Event director Elizabeth Inman gives a pretty simple response to the question of why people should come to this year’s Land Rover Burghley Horse Trials: why wouldn’t you come?
The event, taking place from September 3 to 6, is one of the top draws in the international equestrian calendar and will once again feature some of the world’s best riders battling it out in front of huge crowds.
But it’s not all about the horses. There is a huge shopping area, scores of food and drink outlets, activities for all ages and the chance to see part of the beautiful Burghley Park that is normally off limits to the general public.
Speaking at a press day at Burghley on Wednesday, Elizabeth, who has held the role of event director for 10 years, said: “From an equestrian perspective it’s the pinnacle of the autumn season at the level of Olympic sport.
“There is great excitement this year because we have reversed the cross country route. Some of the riders who are used to Burghley might not have that advantage any more. We’ve also got some first-timers and some local riders taking part.
“Anything can happen, but it’s likely that one of the top Olympic riders will take the honours.
A lot of people don’t realise it’s the equivalent of Wimbledon in this area.Event director Elizabeth Inman
“But there is something for everyone at Burghley. We have face painting for the children on all four days. You can shop until you drop. The trade stands offer all sorts of things. It’s just a lovely atmosphere. It’s very relaxed. You don’t have to understand horses to love the event.”

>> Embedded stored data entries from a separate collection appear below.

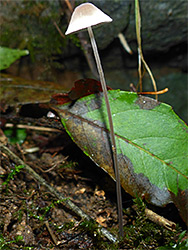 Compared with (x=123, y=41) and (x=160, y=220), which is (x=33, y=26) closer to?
(x=123, y=41)

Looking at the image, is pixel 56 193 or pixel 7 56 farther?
→ pixel 7 56

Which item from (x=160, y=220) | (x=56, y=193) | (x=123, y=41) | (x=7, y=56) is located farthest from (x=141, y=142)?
(x=123, y=41)

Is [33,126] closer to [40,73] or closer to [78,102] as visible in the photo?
[78,102]

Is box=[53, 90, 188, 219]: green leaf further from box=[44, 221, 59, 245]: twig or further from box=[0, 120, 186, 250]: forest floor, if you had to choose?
box=[44, 221, 59, 245]: twig

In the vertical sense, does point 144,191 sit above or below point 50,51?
below

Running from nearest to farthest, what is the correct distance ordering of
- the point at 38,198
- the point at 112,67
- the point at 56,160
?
the point at 38,198 → the point at 56,160 → the point at 112,67

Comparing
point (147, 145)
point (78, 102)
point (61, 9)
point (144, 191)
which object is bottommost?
point (144, 191)

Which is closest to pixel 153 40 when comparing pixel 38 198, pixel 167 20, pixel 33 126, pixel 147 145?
pixel 167 20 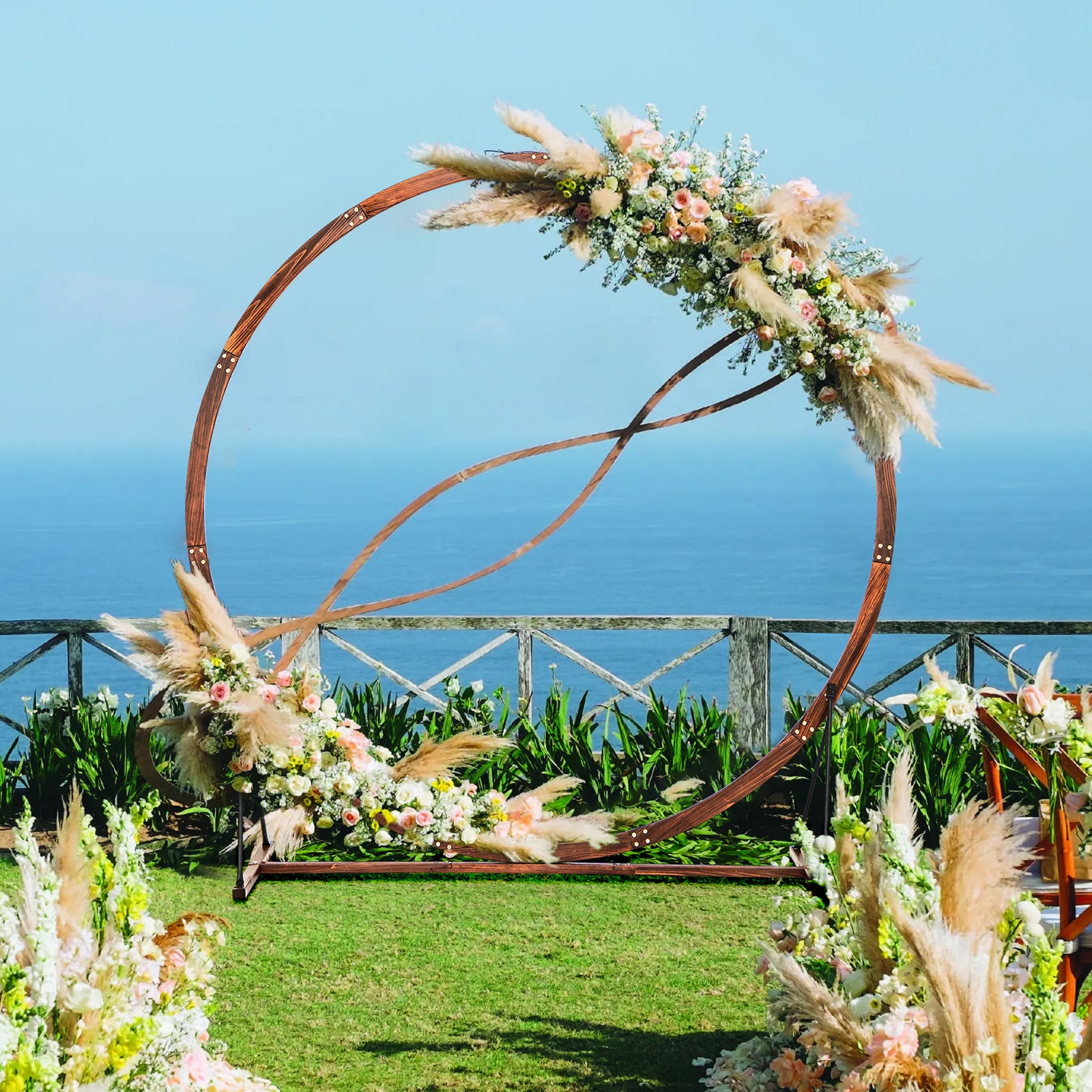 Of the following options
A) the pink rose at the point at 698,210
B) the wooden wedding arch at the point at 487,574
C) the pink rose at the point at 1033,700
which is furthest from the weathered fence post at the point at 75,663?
the pink rose at the point at 1033,700

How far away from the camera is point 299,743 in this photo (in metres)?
5.37

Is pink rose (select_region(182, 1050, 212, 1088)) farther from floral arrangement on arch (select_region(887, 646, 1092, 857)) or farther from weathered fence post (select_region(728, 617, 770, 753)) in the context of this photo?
weathered fence post (select_region(728, 617, 770, 753))

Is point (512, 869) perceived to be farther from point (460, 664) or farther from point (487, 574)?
point (460, 664)

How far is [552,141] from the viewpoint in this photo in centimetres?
512

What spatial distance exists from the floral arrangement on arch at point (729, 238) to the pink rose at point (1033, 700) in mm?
2292

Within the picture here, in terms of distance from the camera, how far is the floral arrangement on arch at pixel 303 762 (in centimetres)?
523

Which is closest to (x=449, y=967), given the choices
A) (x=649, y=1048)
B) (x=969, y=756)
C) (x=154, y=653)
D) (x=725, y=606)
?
(x=649, y=1048)

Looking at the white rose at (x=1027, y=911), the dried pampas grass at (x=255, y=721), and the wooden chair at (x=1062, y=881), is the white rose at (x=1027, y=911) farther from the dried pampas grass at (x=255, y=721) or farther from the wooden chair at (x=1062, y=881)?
the dried pampas grass at (x=255, y=721)

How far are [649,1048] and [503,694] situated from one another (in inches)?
122

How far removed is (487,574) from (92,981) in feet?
11.6

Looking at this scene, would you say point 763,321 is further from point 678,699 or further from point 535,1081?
point 535,1081

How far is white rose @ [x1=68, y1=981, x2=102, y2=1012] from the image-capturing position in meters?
2.10

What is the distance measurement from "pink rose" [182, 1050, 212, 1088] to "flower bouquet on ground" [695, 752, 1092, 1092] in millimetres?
1007

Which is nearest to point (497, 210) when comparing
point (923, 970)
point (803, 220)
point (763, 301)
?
point (763, 301) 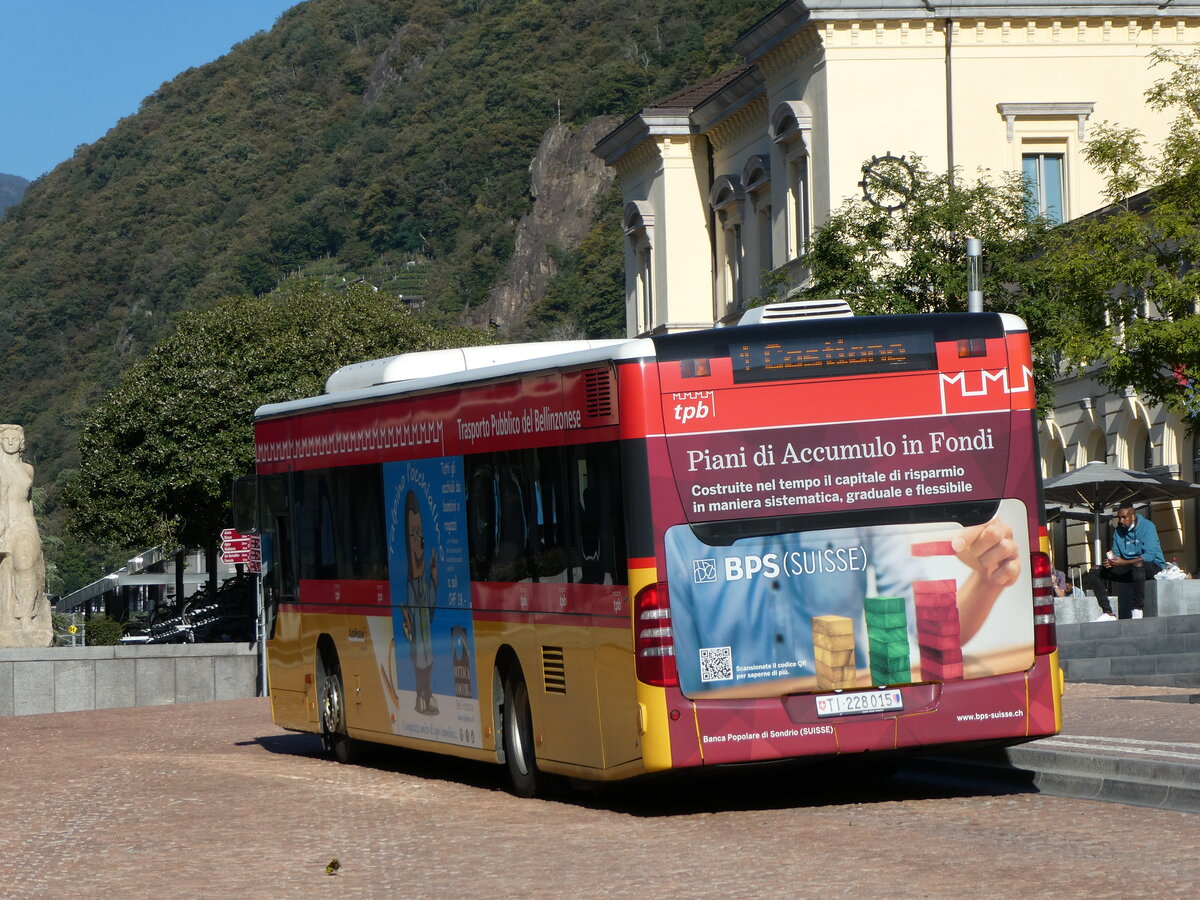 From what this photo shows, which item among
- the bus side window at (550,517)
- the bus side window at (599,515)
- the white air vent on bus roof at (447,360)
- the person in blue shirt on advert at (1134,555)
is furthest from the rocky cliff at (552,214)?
the bus side window at (599,515)

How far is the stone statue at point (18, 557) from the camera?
30.8 meters

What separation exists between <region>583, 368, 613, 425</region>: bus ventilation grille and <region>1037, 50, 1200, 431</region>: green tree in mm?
18147

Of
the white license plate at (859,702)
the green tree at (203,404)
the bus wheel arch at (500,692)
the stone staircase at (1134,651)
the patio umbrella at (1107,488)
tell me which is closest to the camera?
the white license plate at (859,702)

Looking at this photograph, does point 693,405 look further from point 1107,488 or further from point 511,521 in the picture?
point 1107,488

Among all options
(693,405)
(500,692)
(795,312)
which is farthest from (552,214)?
(693,405)

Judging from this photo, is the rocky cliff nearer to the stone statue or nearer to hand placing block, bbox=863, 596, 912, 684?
the stone statue

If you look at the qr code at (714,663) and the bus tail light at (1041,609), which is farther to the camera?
the bus tail light at (1041,609)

One hundred horses from nine countries across the globe will compete this year, with top riders from Australia, New Zealand and the US, along with the UK’s best taking part.

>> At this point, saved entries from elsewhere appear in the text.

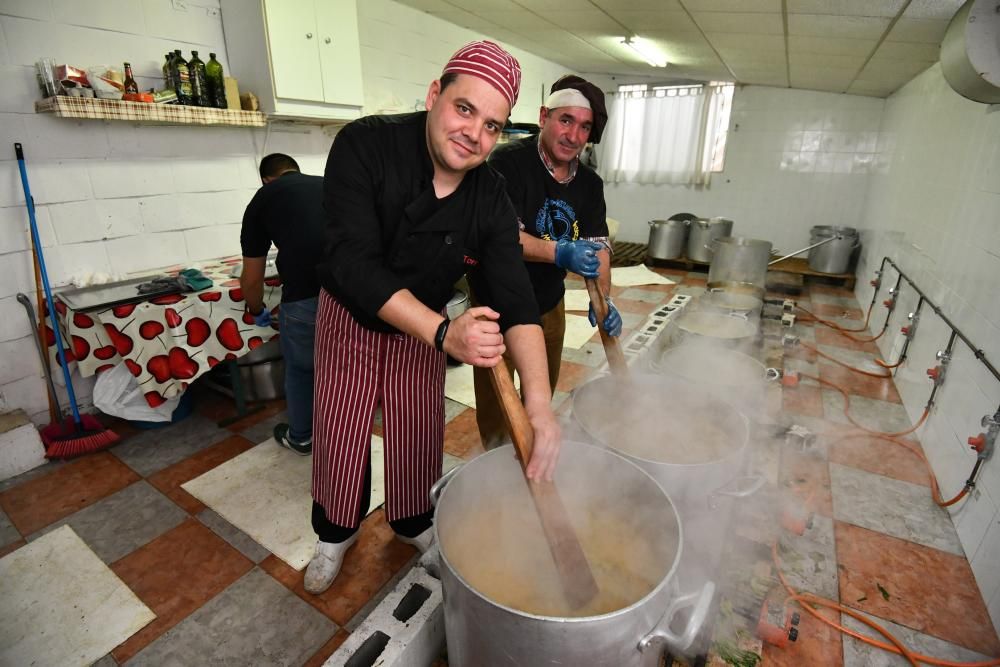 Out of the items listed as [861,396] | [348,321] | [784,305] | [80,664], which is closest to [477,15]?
[784,305]

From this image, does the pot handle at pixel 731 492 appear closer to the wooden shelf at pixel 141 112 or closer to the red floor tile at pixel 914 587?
the red floor tile at pixel 914 587

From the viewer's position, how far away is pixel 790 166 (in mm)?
6668

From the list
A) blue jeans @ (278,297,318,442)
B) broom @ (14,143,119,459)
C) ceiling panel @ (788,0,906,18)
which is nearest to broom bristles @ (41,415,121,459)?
broom @ (14,143,119,459)

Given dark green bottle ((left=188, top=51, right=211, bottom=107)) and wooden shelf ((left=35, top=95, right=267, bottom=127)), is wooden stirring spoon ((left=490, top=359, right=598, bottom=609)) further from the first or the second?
dark green bottle ((left=188, top=51, right=211, bottom=107))

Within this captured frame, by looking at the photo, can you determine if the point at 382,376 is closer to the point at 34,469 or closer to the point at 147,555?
the point at 147,555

A special treat will be the first appearance of double Olympic gold medallist Michael Jung, from Germany, who will bring two of his top horses La Biosthetique and Fischerrocana.
Sadly New Zealand’s Andrew Nicholson, who won the last three cross country titles on his horse Avebury, looks unlikely to compete after suffering a serious injury in a fall at the Festival of British Eventing at Gatcombe Park on Sunday.
But there will be plenty of British riders trying to impress selectors ahead of the 2016 Olympic Games in Rio.
Burghley’s global appeal means it is one of the top sporting events in the UK. Elizabeth said: “A lot of people don’t realise it’s the equivalent of Wimbledon in this area. It’s a mammoth exercise. We have a six week build time and three weeks taking it down.
“It’s one of the largest televised sporting events in the UK. Last year it was audited as the eighth biggest by attendance.”
Burghley may be a top international contest but it also has plenty of local connections.
Riding for the fourth year will be Ryhall’s Kerry Varley on Bluestone Luke. The pair completed the course for the first time last year, having been forced to withdraw in 2013 when the horse fractured his stifle - a joint in a horse’s hind leg equivalent to a human knee.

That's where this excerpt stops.